Instead of adopting a single “perspective” on classes of concepts, our model includes three basic concept hierarchies. In this way we are able to create more expressive conceptual structures that include various classifications of certain concepts. For example, operators can be classified by arity (unary, binary, and so on) or by type (arithmetic operator, Boolean operator, String operator, and so on); Java threads can be classified as “part-of” the JavaVM or as “sub-class” of the user–level threads. By enabling different perspectives, we can model different classifications of topics at the same time

Contexts (Views). We conceive the notion of context as derived from two principles: the principle of grouping and the principle of locality. According to the first principle the context is a notion, capturing a fragment of related entities. Grouping can be based on different criteria and different assumptions. We perceive context as a generalization of “putting together”, clustering and categorization: it combines all types and patterns of grouping. That’s why the notion of context is so elusive, despite of the various models proposed and developed. According to the second principle the notion of context is an abstraction, capturing the localization principle in various aspects. For example the principle of locality applied to a given topic in terms of the topics directly or indirectly related to it, determines the set of topics that are somehow related to the selected topic, that is, determines the context of relevant topics. If we apply the localization strategy towards selected relation type, then we arrive to a new type of context (perspective). For example if we select the “whole-part” dimension we can see the topics from a particular hierarchical perspective. Thus the proposed approach to contexts captures also the notion of perspectives (or viewpoints).

TM4L allows authors to define contexts through the use of relations and scope (theme).

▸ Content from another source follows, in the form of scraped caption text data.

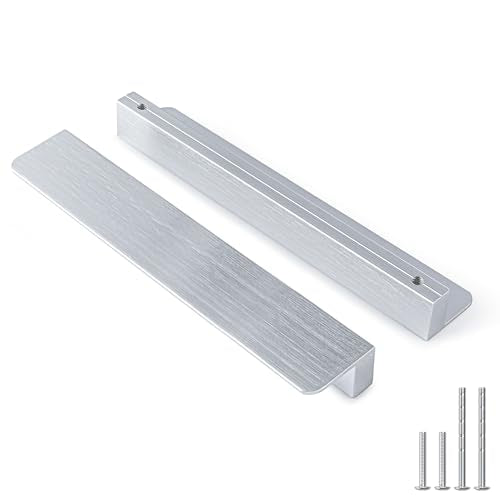 Peaha 10 Pack 7-9/16" Brushed Nickel Cabinet Handles Finger Edge Pulls - color: Brushed Nickel, size: 7-9/16" Hole Center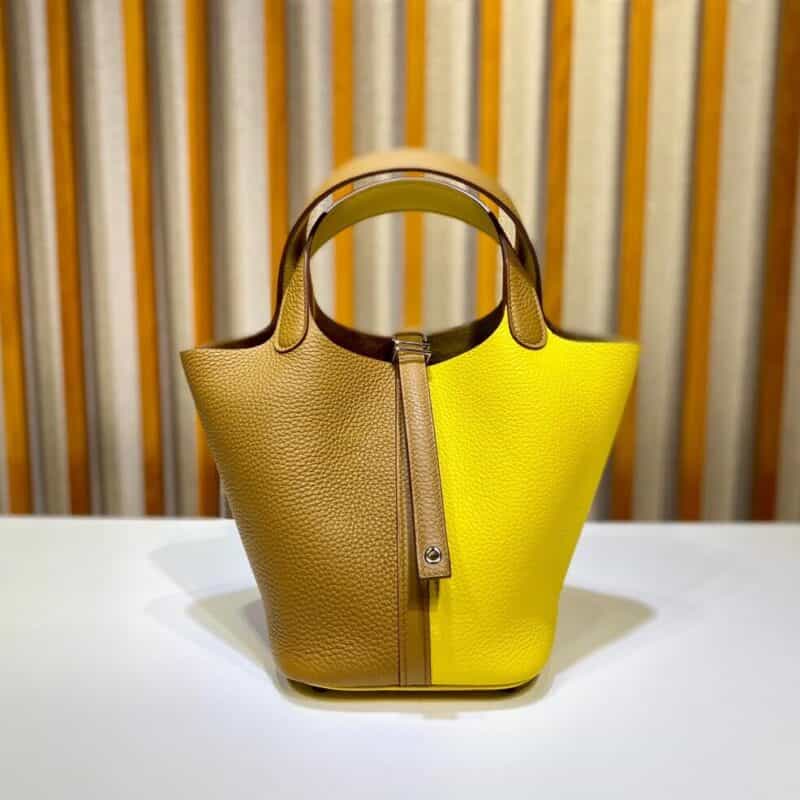 Hermès Picotin 18cm clemence皮 菜篮子 那不勒斯黄拼芝麻色/银扣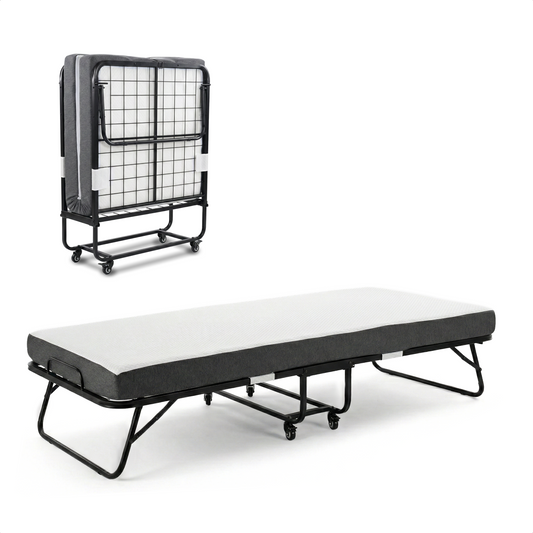 Logeerbed 90×200 met Matras - Vouwbed - Luxe - 250 kg - Zwart - Bodo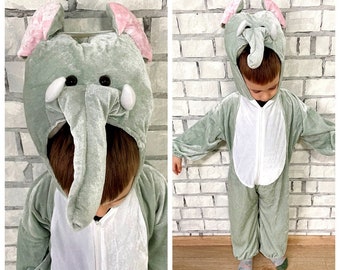 3T/4T kids child Cosplay kids elephant costume Jumpsuit Romper animal onesie Kids halloween costume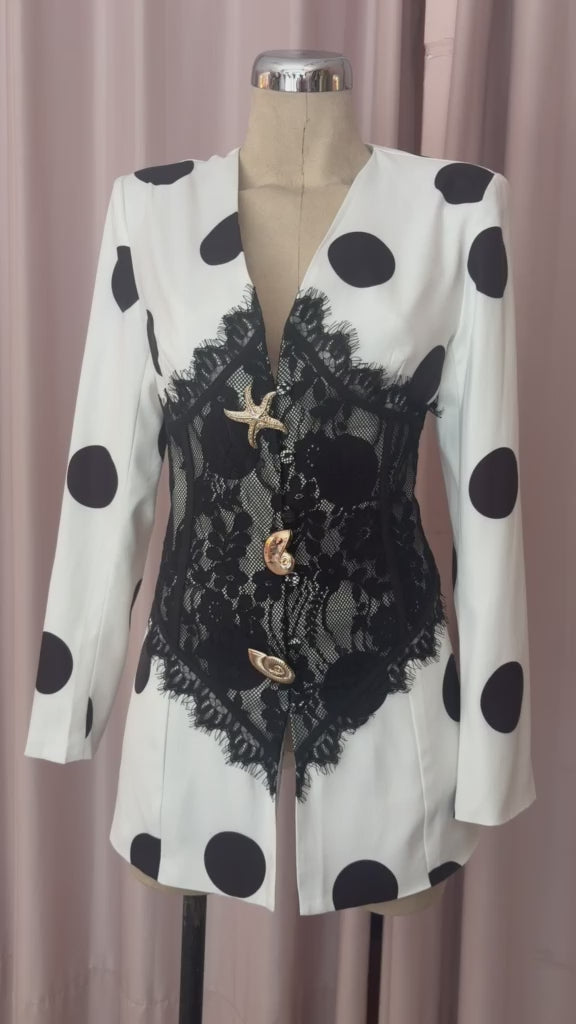 Saco de lunares con corset de encaje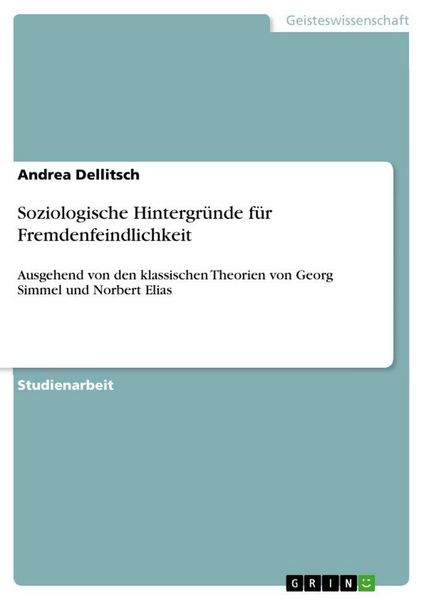 Produktbild: Soziologische Hintergr&uuml;nde f&uuml;r Fremdenfeindlichkeit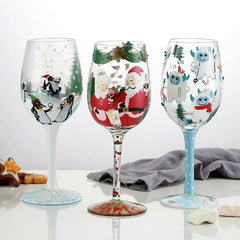 Christmas Print Wine Glass Christmas Decor Red Wine Goblet Creative Hand Drawing Painted Home Party Festival Cups Bar Wine Set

The notion of theme makes it possible to express multiple viewpoints on a single set of learning resources and provide personalized views for different groups of learners. The theme mechanism of TM4L enables any information provided about a topic to be qualified by defining a context within which the information is valid. Theme may be used to define several different perspectives on the same set of information. For example, theme may be used to separate "beginner" resources from "intermediate" or "advanced" resources, thus enabling different sets of information to be presented to learners on different levels.

The TM4L Editor is implemented in Java and uses the TM4J Topic Map Engine, which is an open source providing a comprehensive API that allows creating and modifying Topic Map structures stored either in-memory or persistently in a database. The Editor has open modular architecture that allows an easy extension of its functionality.

We consider the exploration practice as the process of finding information that is relevant to the learner’s current tasks. There is a tendency towards browsing in terms of exploration, and the TM4L Viewer should therefore be enhanced to better support both browsing and the combination of search and browse activities. The exploration practice differs from information querying in that no specific question needs to be answered. Instead, the user/learner wants to know about relevant information at a more global level, e.g. to see what information is available in terms of their current information needs. Exploration also differs from general analysis in that the issue is not to oversee the entire collection in a holistic way but only inspect those parts relevant to the learner’s current task. The exploration of large information spaces is a difficult task, especially if the user is not familiar with the terminology used to describe information. Conceptual models of a domain in terms of thesauri or ontologies can remedy this problem to some extent. Exploration on the level of concepts and relationships can be used as a navigation and query formulation mechanism fostering semantic exploration and discovery. In order such an ontological framework to be useful, there is a need for interactive tools for exploring large information sets based on conceptual knowledge.

By the term “informativeness” we refer to the extent and type of information that the concept structure should include in order to satisfy the information needs of the envisaged learners. In this respect, we consider a concept structure as informative if it provides a representation of the properties of the involved concepts along with the relations between concepts that is at an appropriate level for the learners to understand.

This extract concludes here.